Community vs. State - Leonard P. Liggio, Literature of Liberty, January/March 1978, vol. 1, No. 1 [1978]

Edition used:

Literature of Liberty: A Review of Contemporary Liberal Thought was published first by the Cato Institute (1978-1979) and later by the Institute for Humane Studies (1980-1982) under the editorial direction of Leonard P. Liggio.

Part of: Literature of Liberty: A Review of Contemporary Liberal Thought, 20 vols. 19781-982

About Liberty Fund:

Liberty Fund, Inc. is a private, educational foundation established to encourage the study of the ideal of a society of free and responsible individuals.


Community vs. State

Punzo, Vincent C.

  • St. Louis University

“The Modern State and the Search for Community: The Anarchist Critique of Peter Kropotkin.” International Philosophical Quarterly (USA), 16 (1976): 3–32.

Recent scholarship has evidenced a revived interest in examining the merits of anarchism, as witness Robert Paul Wolff's In Defense of Anarchism (New York: Harper and Row, 1970). To further this revival, we can survey the Russian anarchist Peter Kropotkin's (1842–1921) case against the legitimacy of the state.

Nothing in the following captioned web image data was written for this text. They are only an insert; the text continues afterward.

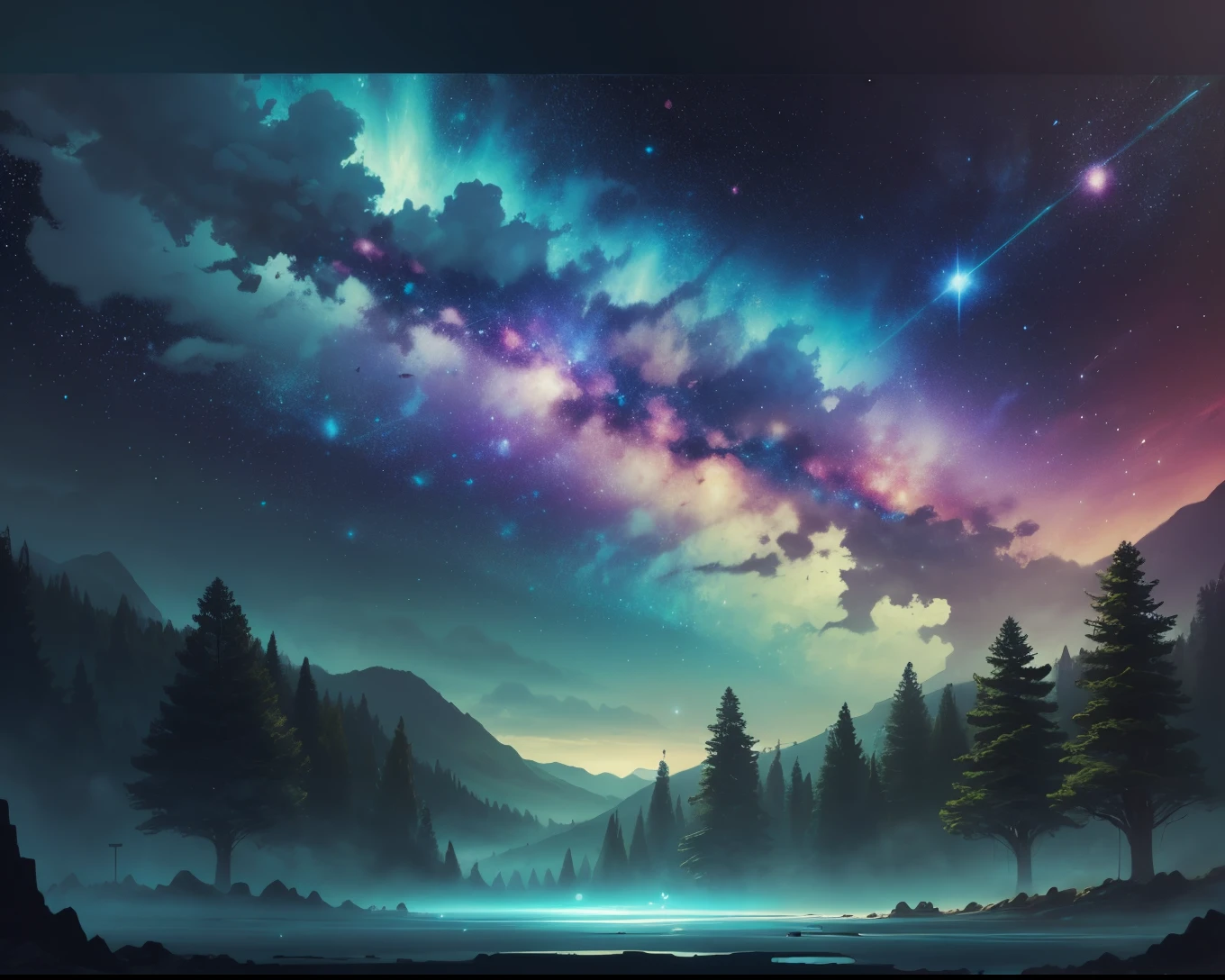 Starry sky, hand-painted, high-definition ,green background --auto --s2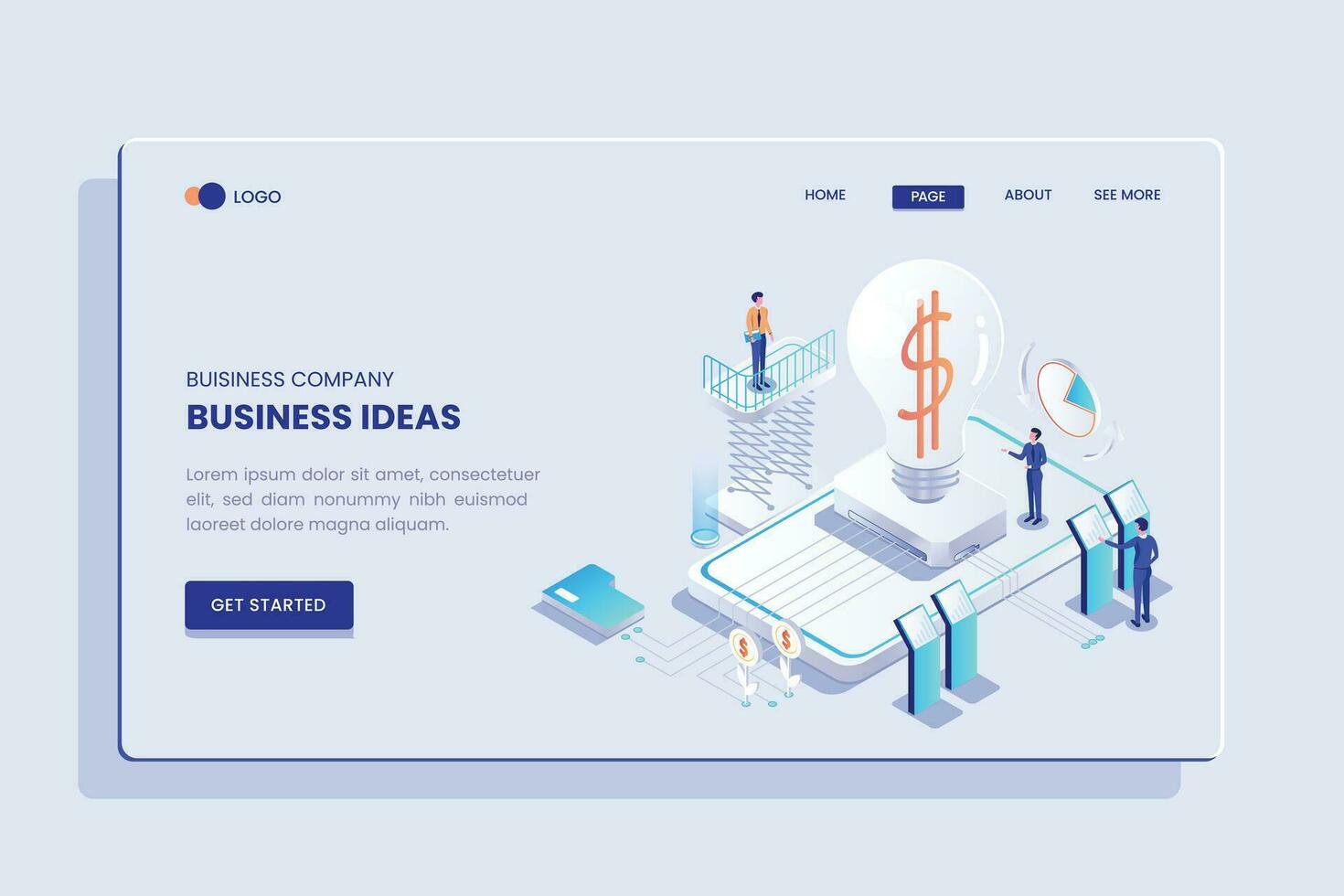 Business Ideas Isometric Concept Landing Page vector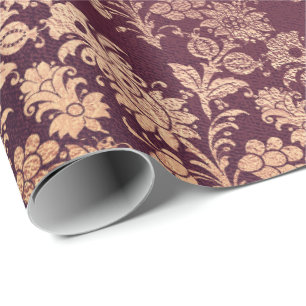 Papel De Presente Cora o pó floral Dourado Borgonha floral do rosa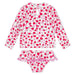 Feather 4 Arrow Baby Sandy Toes Rashguard Swim Set in strawberries multi, back view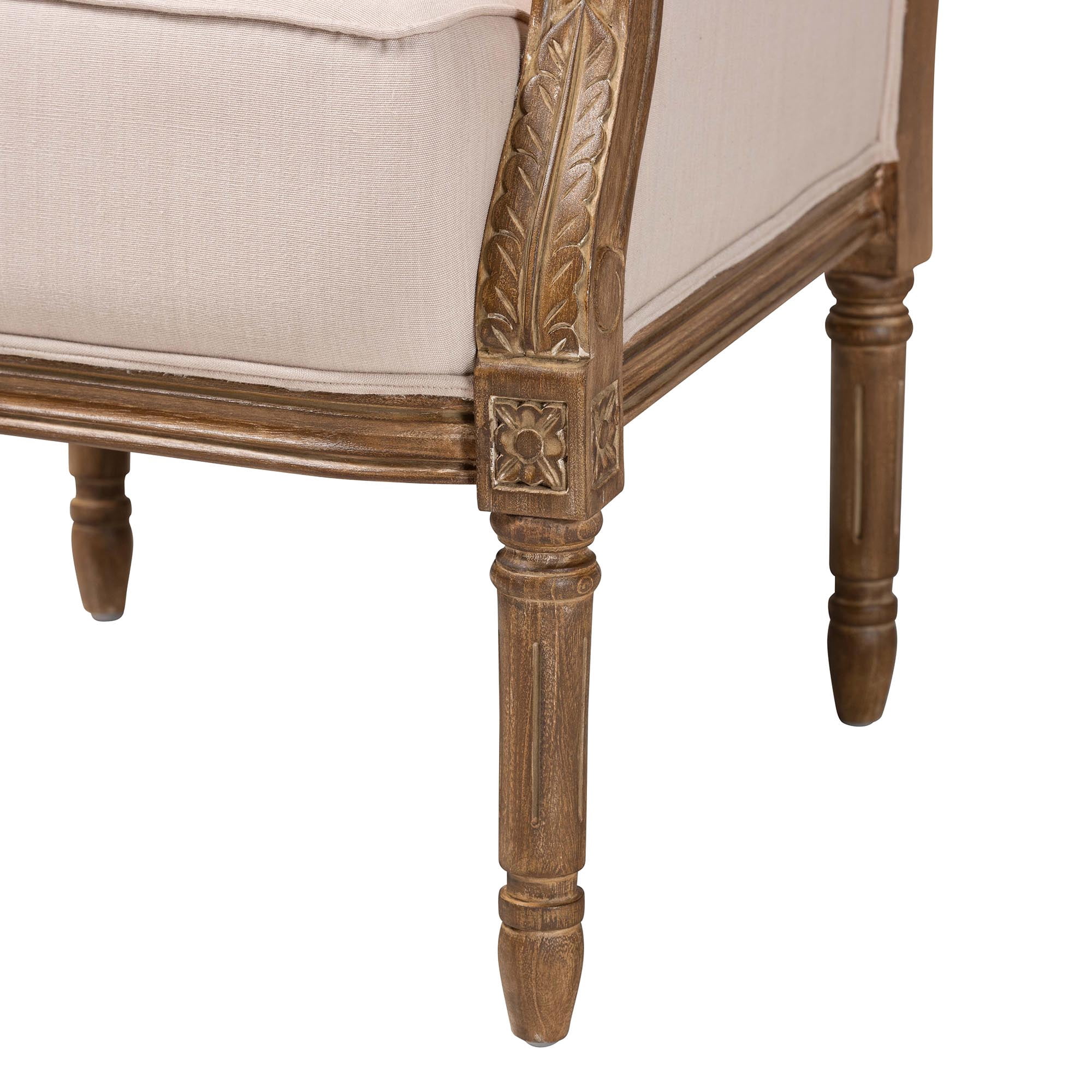Baxton Studio Chavanon Accent Chair in Light Beige and Brown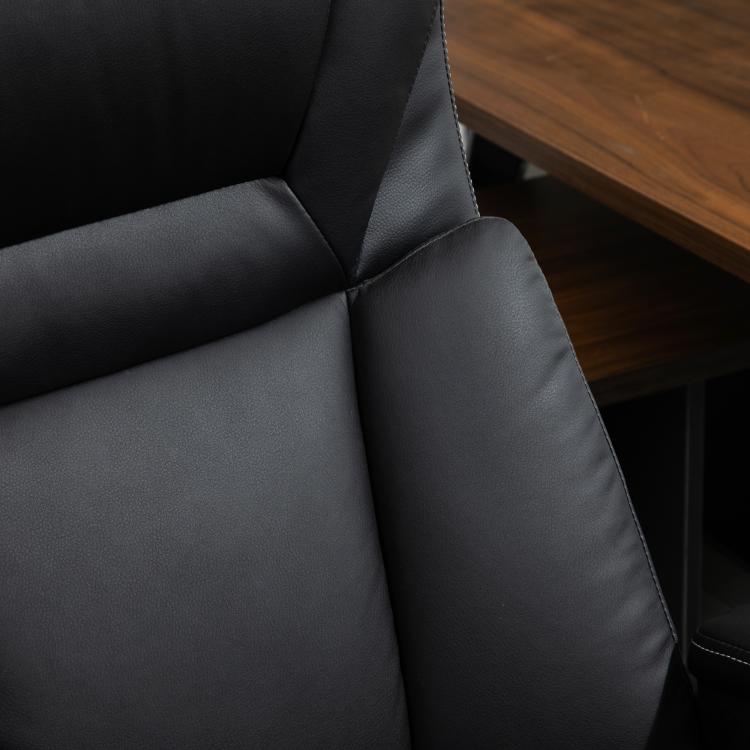 Black PU leather office chair seat and high back with padded armrest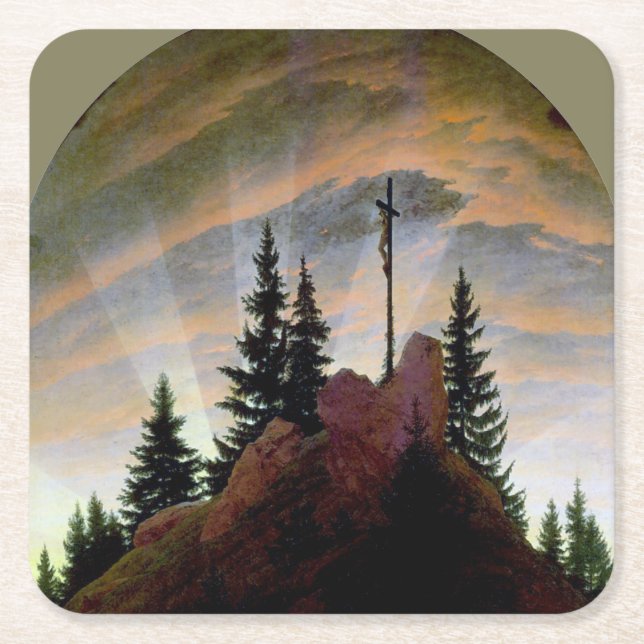 Kreuz in den Bergen, Friedrich Rechteckiger Pappuntersetzer (Vorderseite)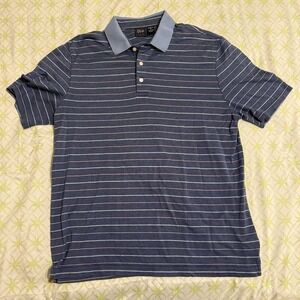 Jos A Bank Traveler Mens Large Blue Striped Herringbone Cotton Polo Shirt L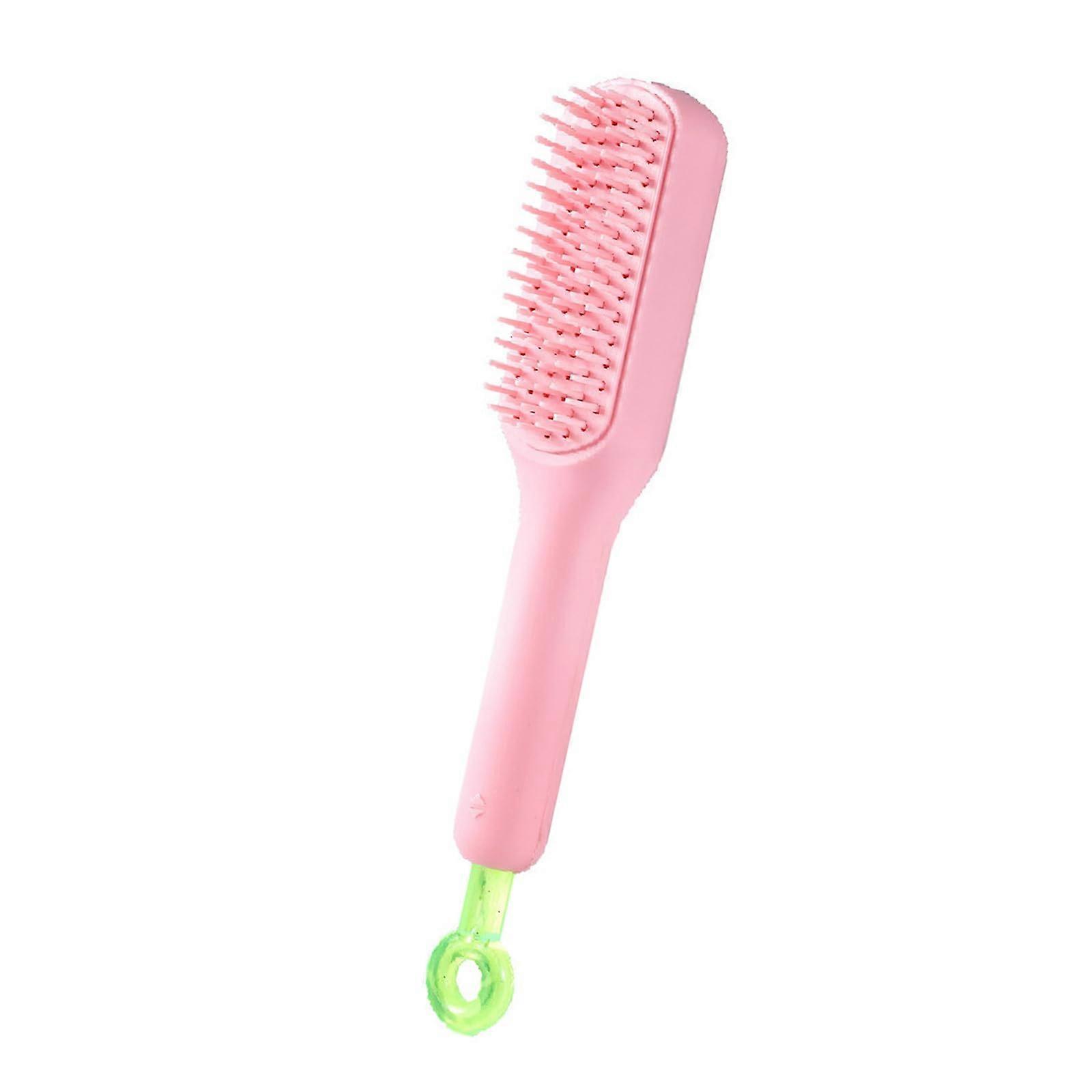 Dog Grooming Brush For Small Pets Fur Remover With Retractable Handle Pink For Home And Pet Salon Use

Kropotkin understood the state as a centralized power which controls the life of a society within a territorial limit by placing vital social functions in the hands of a few people. This centralized power uses coercion to allow certain social classes to dominate others. He denied that the state (even the praised parliamentary or representative variety) is the most humane way to organize a good human society.

Overall, Kropotkin's argument challenges us by its claim that the state causes the decline of a fraternal community. He reasoned that the quest for the human values of liberty, equality, fraternity, and justice will succeed only to the extent that mankind substitutes the alternative of communal life for the centralized state. Anticipating Hannah Arendt's views in On Revolution (New York: Viking, 1965), he underlined how state centralism inhibits the public's communal involvement and participation by entrusting public issues to an oligarchy of representatives and bureaucrats. Similarly, Kropotkin warned against the centralized control which Lenin's Communist Party imposed on the Russian Revolution. He believed that such state socialists were engaged in a self-defeating project. They were at cross-purposes by using the hierarchical structures of the anticommunal state to develop communal control of the means of production. It would result inevitably in an economy controlled by a clique of strategically placed government bureaucrats.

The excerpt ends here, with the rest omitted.